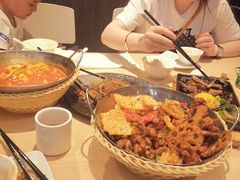 -避风塘(嘉兴八佰伴店)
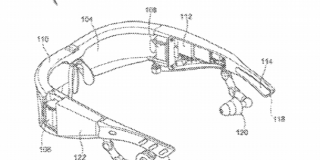 2cc1b6b3db44bd1a175a2124df2a56fe-thumb-standard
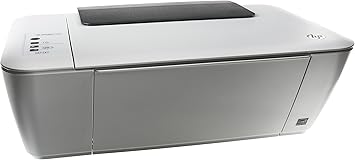 HP Deskjet 1510 All-in-One Printer
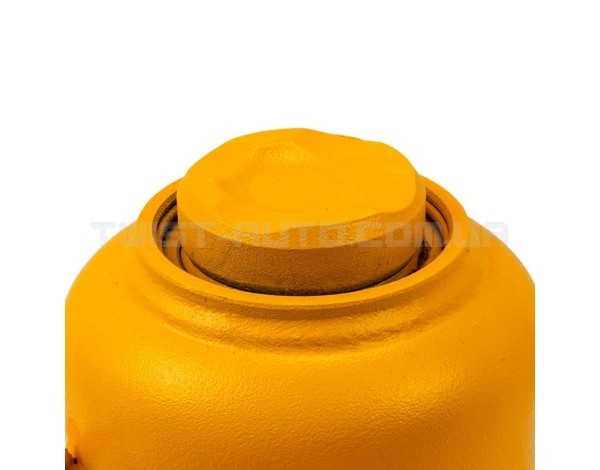 Домкрат пляшковий 15т JCB Tools JCB-TH915001 Домкрат пляшковий 15т JCB Tools JCB-TH915001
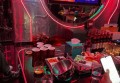 杭州钱塘区义蓬街道附近ktv招聘包厢气氛租,无中介费的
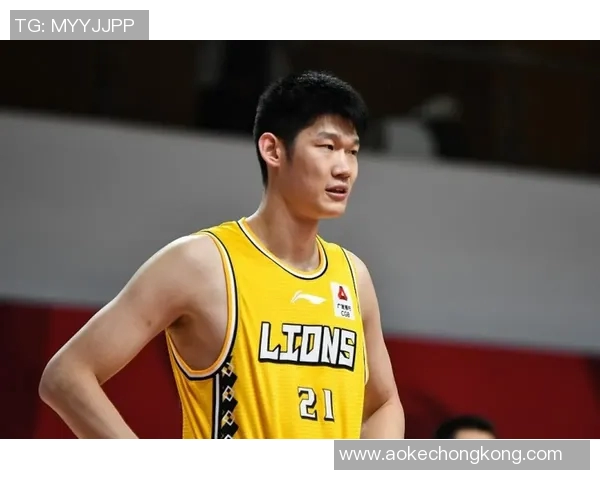 胡金秋回忆总决赛首战紧张心情因脾脏受伤未能参赛的经历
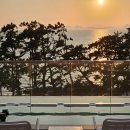 고창비치호텔 이미지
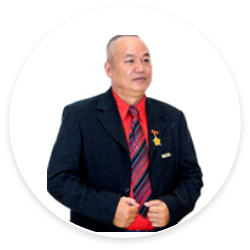 smartpro.vn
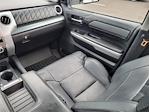 2014 Toyota Tundra Crew Cab 4x4 Pickup for sale #17671MK - photo 15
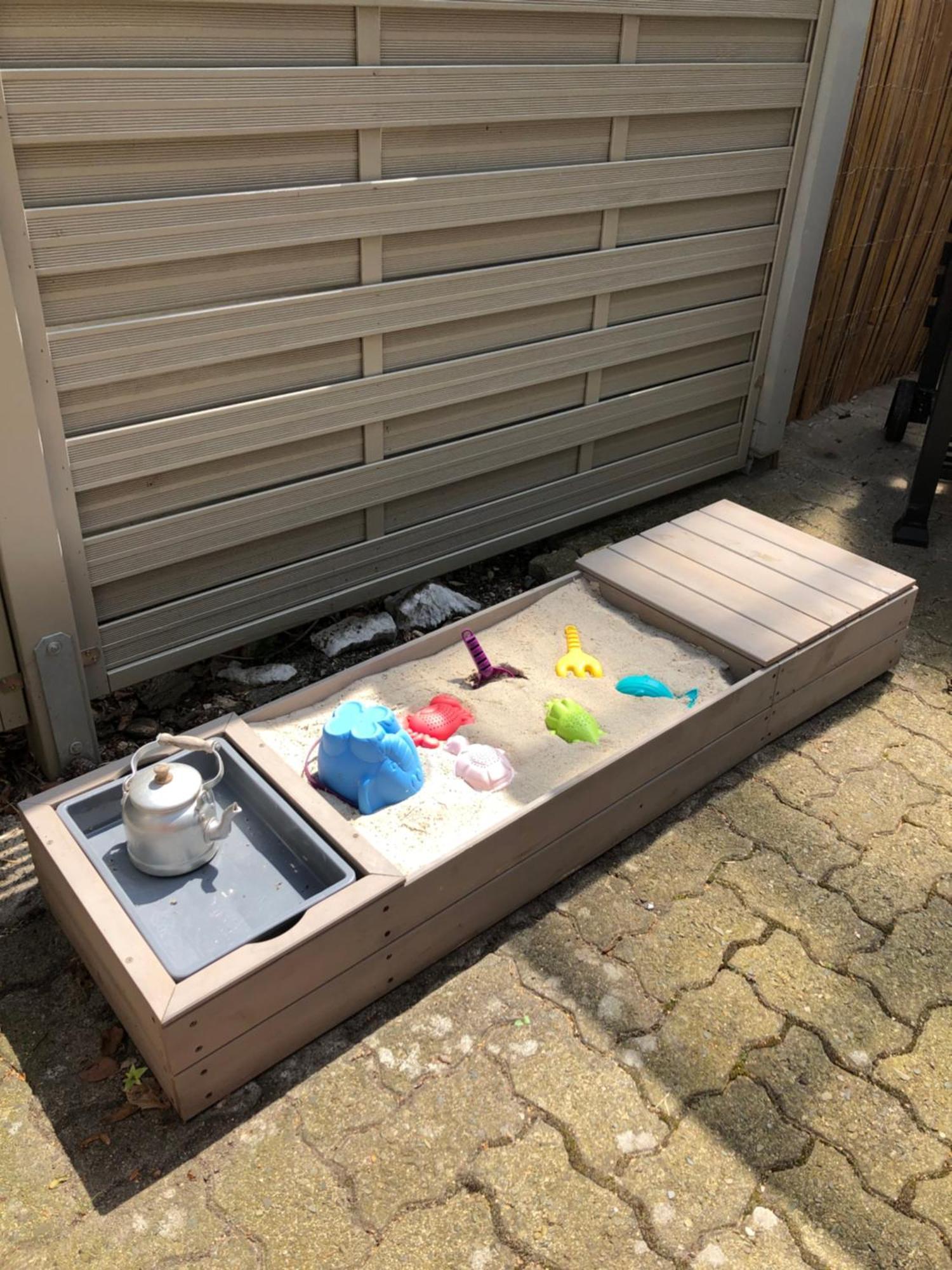 Ferienwohnung „kleine Auszeit“ Walkenried Exterior foto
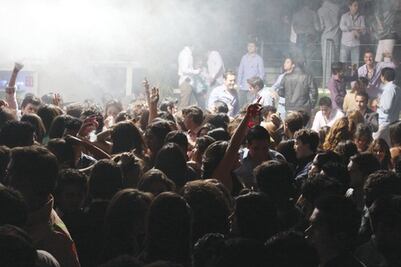 Existen ‘focos rojos’ en alcoholismo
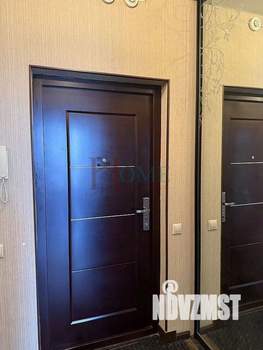 1-к квартира, на длительный срок, 50м2, 13/18 этаж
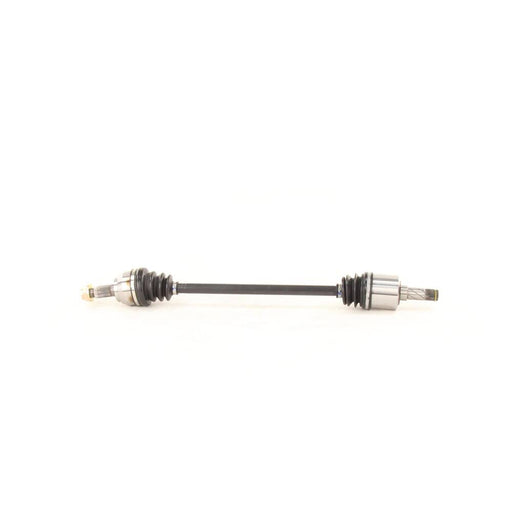 RV-8707 Trakmotive Auto CV Axle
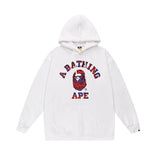 Bathing ape Hoodie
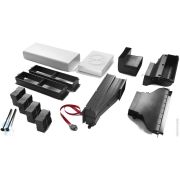 Комплект ELICA Nikolatesla для рециркуляции воздуха, кроме Fit и Switch KIT0130427A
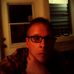 Profile Picture of James Escher (@james.escher.7) on Facebook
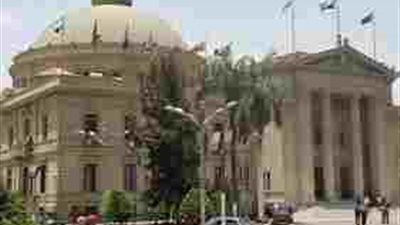 أبطال قنبلتين بين محطة الجامعة وفيصل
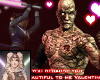 Beautiful Valentinte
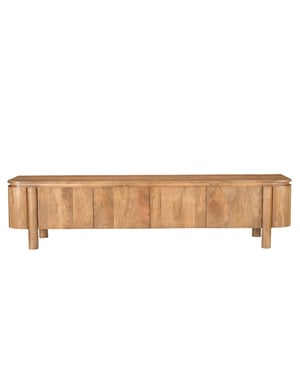 Livingfurn tv-meubel salano 210 cm -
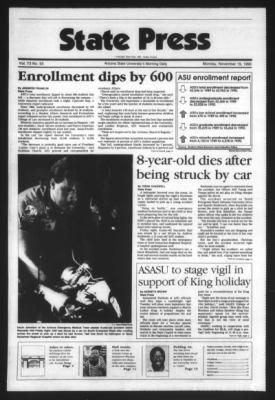 115553-Thumbnail Image.png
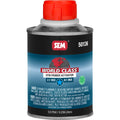 SEM World Class™ DTM Primer - Half Pint — marine non-skid paint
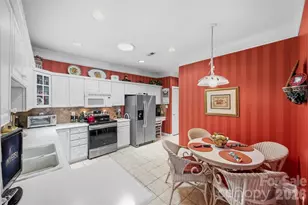 8306 Olde Troon Dr, Charlotte, NC 28277 - Photo 14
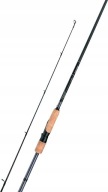 Спіннінг Shimano Catana Fx 2.39М 3-14Г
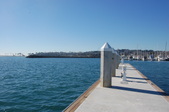 Enlarge photo 21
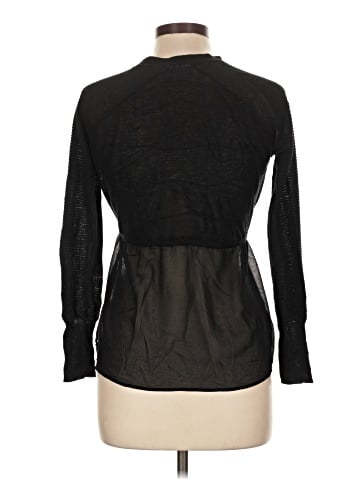 Simply Vera Vera Wang Cardigan (view 2)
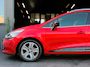 Renault Clio Estate 1.2-16V Collection|Airco|Cruise|Navi|APK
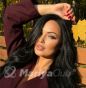 LadyElena:46y.o.
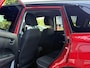 Suzuki Vitara 1.4 Boosterjet Select Rhino Edition Smart Hybrid Navi Camera Keyless Carplay DAB Dodehoek Rijstrook ACC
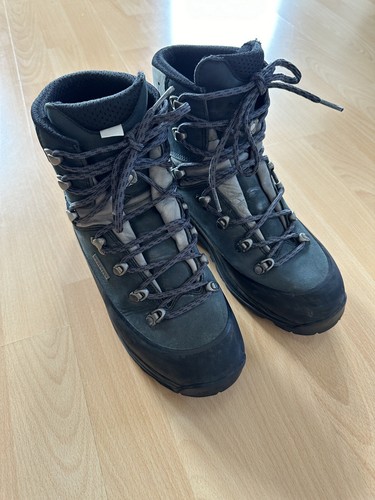 Lowa tibet gore - lowa, gore-tex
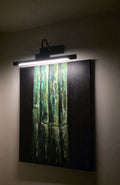 Bamboo 18x24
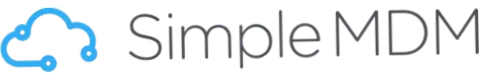 SimpleMDM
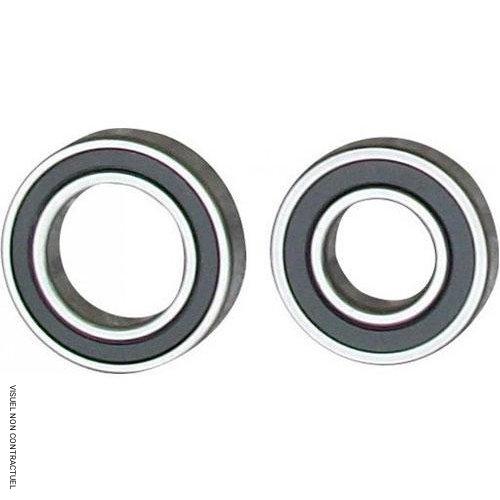 Courroie pour Bétonnière, HAEMMERLIN BT PRO170 Courroie pour Bétonnière, HAEMMERLIN BT PRO170
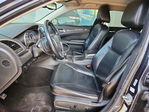 Chrysler 300 2016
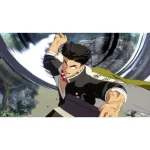 بازی Demon Slayer The Hinokami Chronicles 2 برای PS5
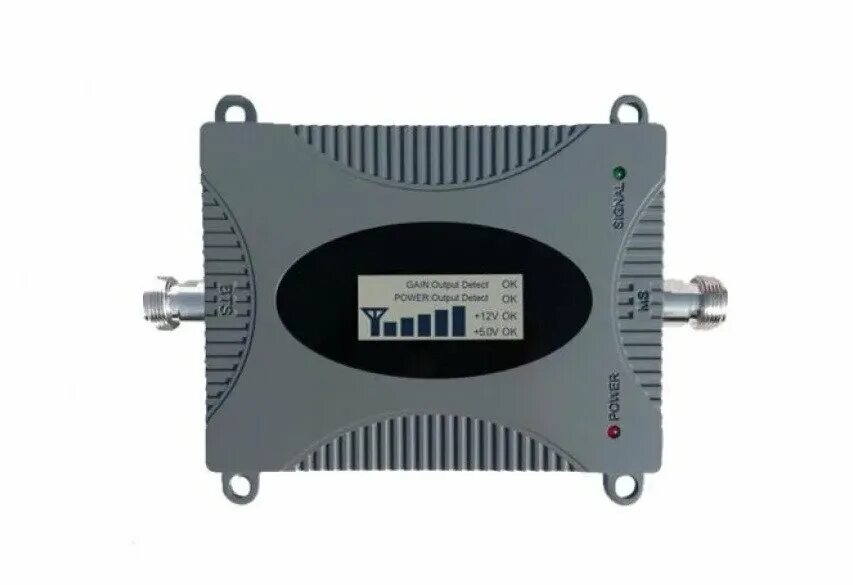 Пассивный усилитель gsm, 3g, 4g, lte для авто. Репитеры и усилители gsm 3g 4g lte купить. Усилитель сотовой связи линтратек вл 16. Mobile gsm/3g/dcs repeater. Lintratek, gsm 4g lte 1800.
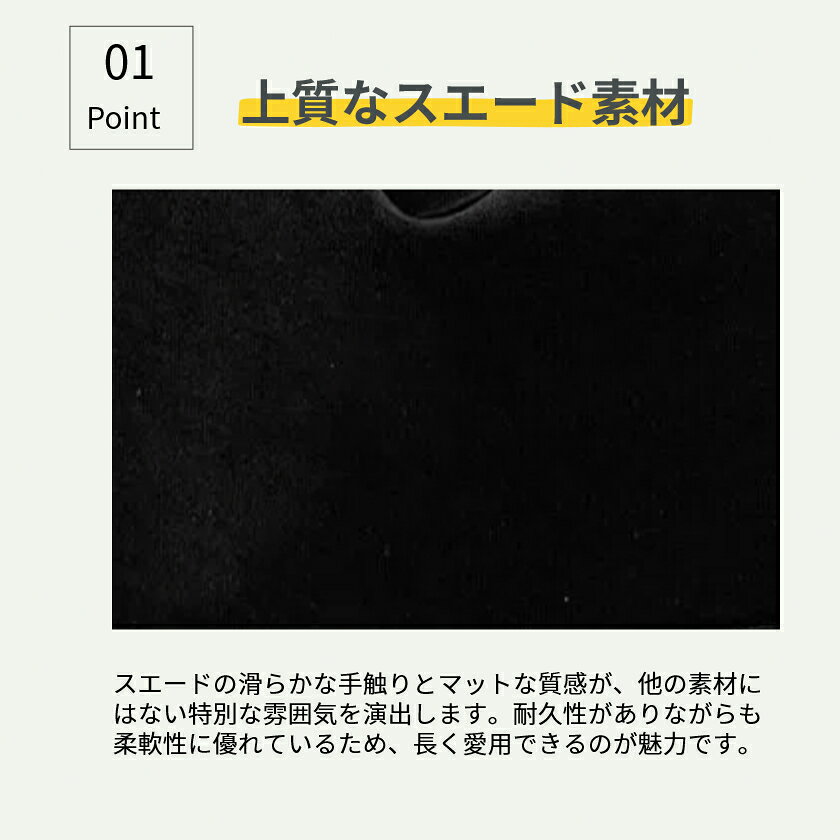 一部【最短当日発送】トートバッグ レディース ハンドバッグ 大きめ スエード 軽い 耐久性 大容量 バッグ 手持ち 手提げ レディースバッグ カジュアル 通勤 通学 おしゃれ 誕生日 プレゼント かばん 鞄 レディースバッグ 旅行バッグ hiroba888-10045534 mixmax サンプル画像3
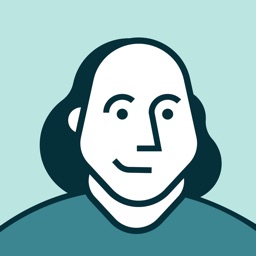 Buy Bitcoin & Ether with Ben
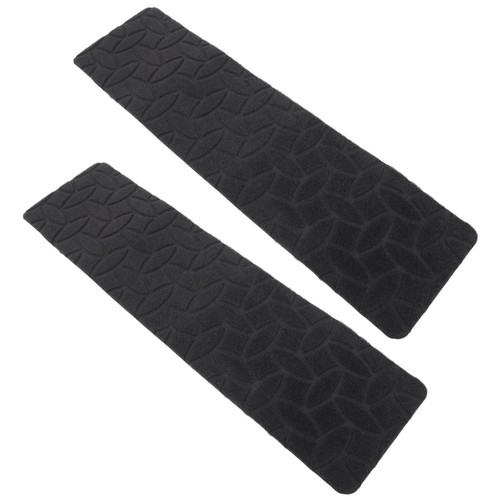 Pcs embossed pattern non - pcs,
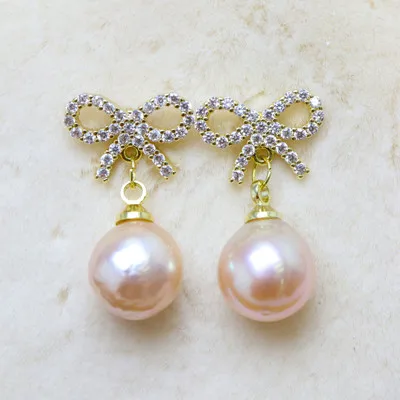 

Fine Jewelry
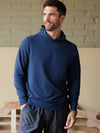 Classic Navy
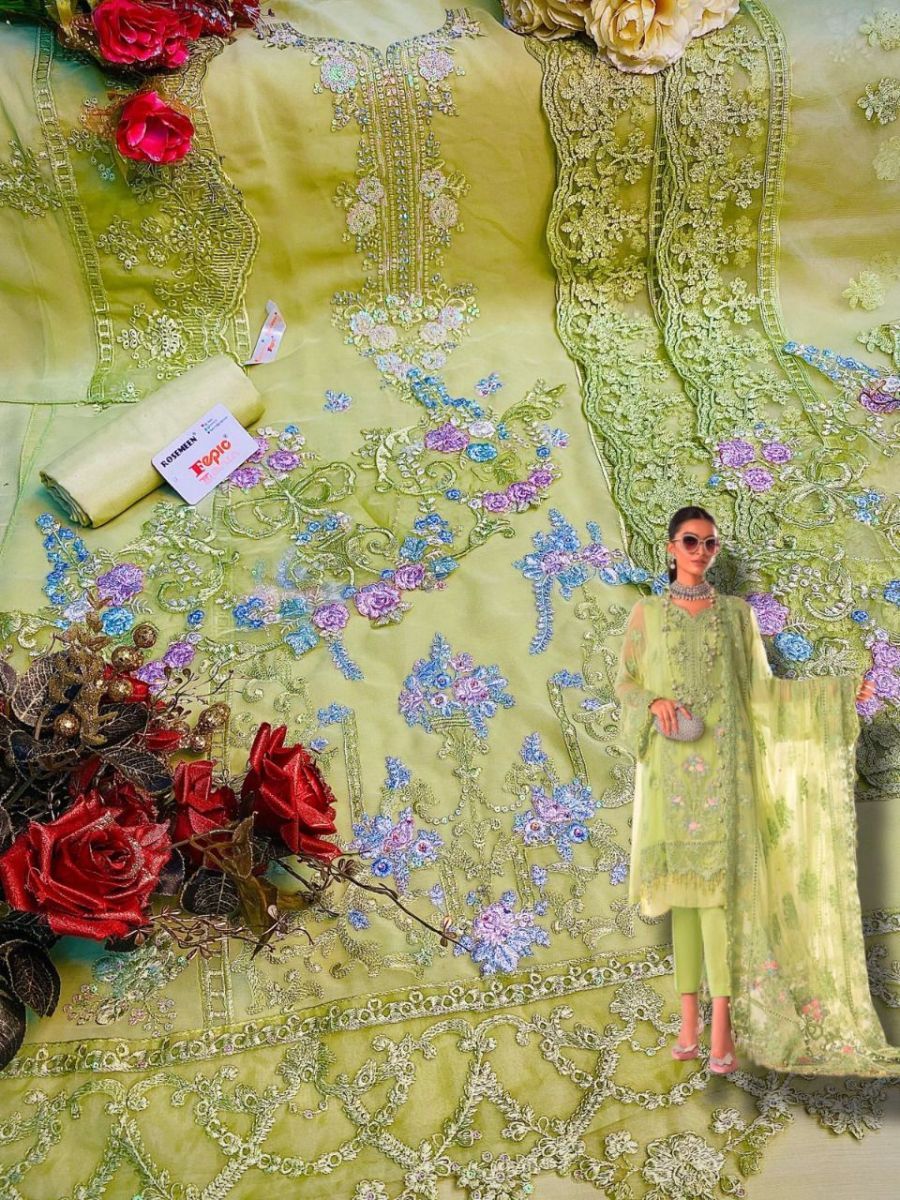 FEPIC-D-60028-ROSEMEEN-MARIA-B-PAKISTANI-SUITS-IN-INDIA-2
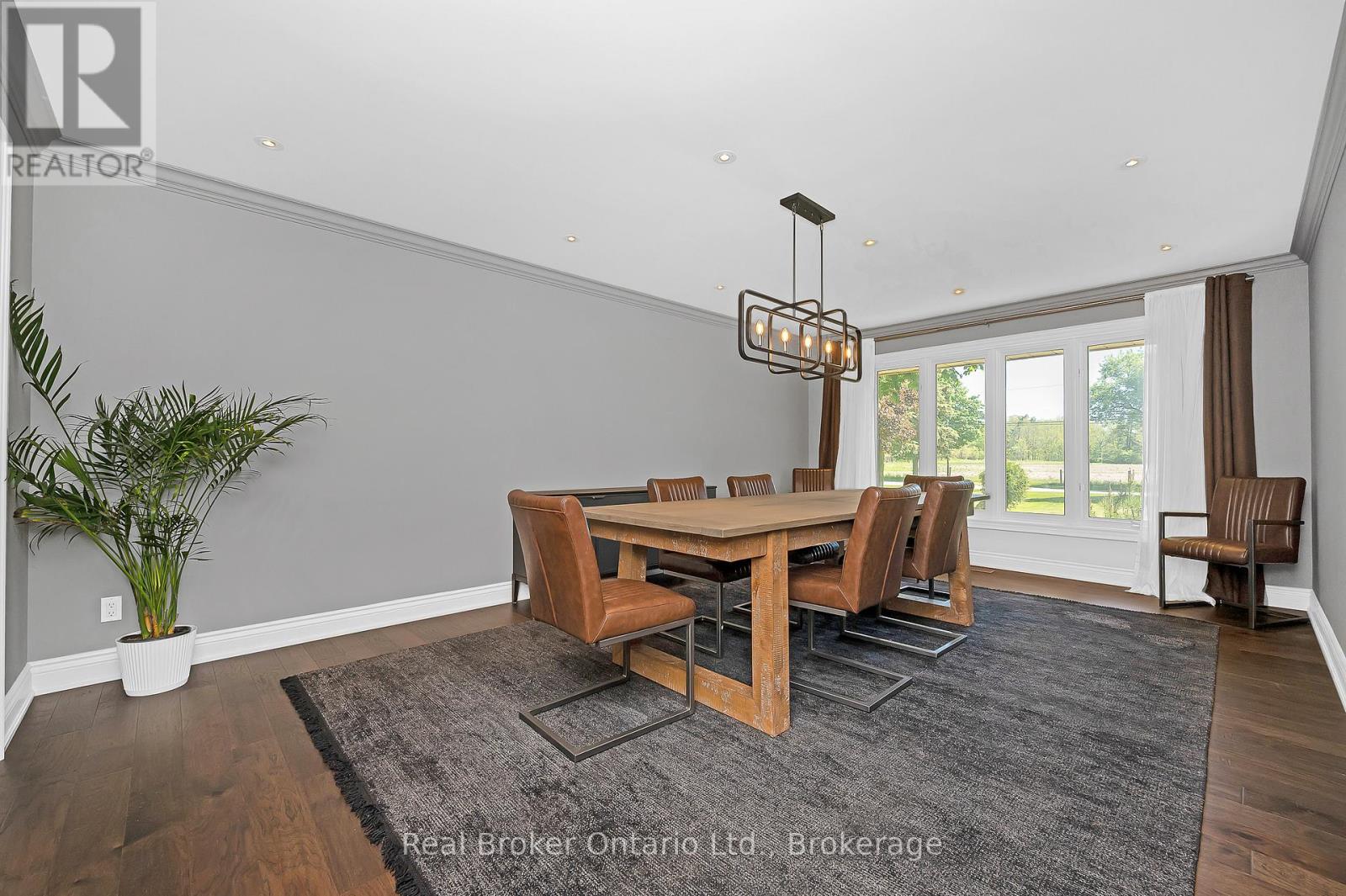 10158 Old Pine Crest Road, Halton Hills, Ontario  L0P 1K0 - Photo 30 - W12800796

__________

■ What the task requires:
Omit every picture, and otherwise quote the entries exactly.

■ Solution to the exercise:
 -避风塘(嘉兴八佰伴店)
 2cc1b6b3db44bd1a175a2124df2a56fe-thumb-standard
 HP Deskjet 1510 All-in-One Printer
 Домкрат пляшковий 15т JCB Tools JCB-TH915001 Домкрат пляшковий 15т JCB Tools JCB-TH915001
 杭州钱塘区义蓬街道附近ktv招聘包厢气氛租,无中介费的
 胡金秋回忆总决赛首战紧张心情因脾脏受伤未能参赛的经历
 고창비치호텔 이미지
 smartpro.vn
 2014 Toyota Tundra Crew Cab 4x4 Pickup for sale #17671MK - photo 15
 Ferienwohnung „kleine Auszeit“ Walkenried Exterior foto
 Existen ‘focos rojos’ en alcoholismo
 1-к квартира, на длительный срок, 50м2, 13/18 этаж
 RV-8707 Trakmotive Auto CV Axle
 Bathing ape Hoodie
 Комплект ELICA Nikolatesla для рециркуляции воздуха, кроме Fit и Switch KIT0130427A
 Profile Picture of James Escher (@james.escher.7) on Facebook
 أبطال قنبلتين بين محطة الجامعة وفيصل
 Beautiful Valentinte
 Livingfurn tv-meubel salano 210 cm -
 115553-Thumbnail Image.png
 SEM World Class™ DTM Primer - Half Pint — marine non-skid paint
 8306 Olde Troon Dr, Charlotte, NC 28277 - Photo 14
 Спіннінг Shimano Catana Fx 2.39М 3-14Г
 Enlarge photo 21
 Simply Vera Vera Wang Cardigan (view 2)
 Renault Clio Estate 1.2-16V Collection|Airco|Cruise|Navi|APK
 LadyElena:46y.o.
 Suzuki Vitara 1.4 Boosterjet Select Rhino Edition Smart Hybrid Navi Camera Keyless Carplay DAB Dodehoek Rijstrook ACC
 Lowa tibet gore - lowa, gore-tex
 Bamboo 18x24
 SimpleMDM
 Courroie pour Bétonnière, HAEMMERLIN BT PRO170 Courroie pour Bétonnière, HAEMMERLIN BT PRO170
 Chrysler 300 2016
 بازی Demon Slayer The Hinokami Chronicles 2 برای PS5
 Пассивный усилитель gsm, 3g, 4g, lte для авто. Репитеры и усилители gsm 3g 4g lte купить. Усилитель сотовой связи линтратек вл 16. Mobile gsm/3g/dcs repeater. Lintratek, gsm 4g lte 1800.
 一部【最短当日発送】トートバッグ レディース ハンドバッグ 大きめ スエード 軽い 耐久性 大容量 バッグ 手持ち 手提げ レディースバッグ カジュアル 通勤 通学 おしゃれ 誕生日 プレゼント かばん 鞄 レディースバッグ 旅行バッグ hiroba888-10045534 mixmax サンプル画像3
 Buy Bitcoin & Ether with Ben
 Pcs embossed pattern non - pcs,

Fine Jewelry
 Classic Navy
 FEPIC-D-60028-ROSEMEEN-MARIA-B-PAKISTANI-SUITS-IN-INDIA-2
 10158 Old Pine Crest Road, Halton Hills, Ontario  L0P 1K0 - Photo 30 - W12800796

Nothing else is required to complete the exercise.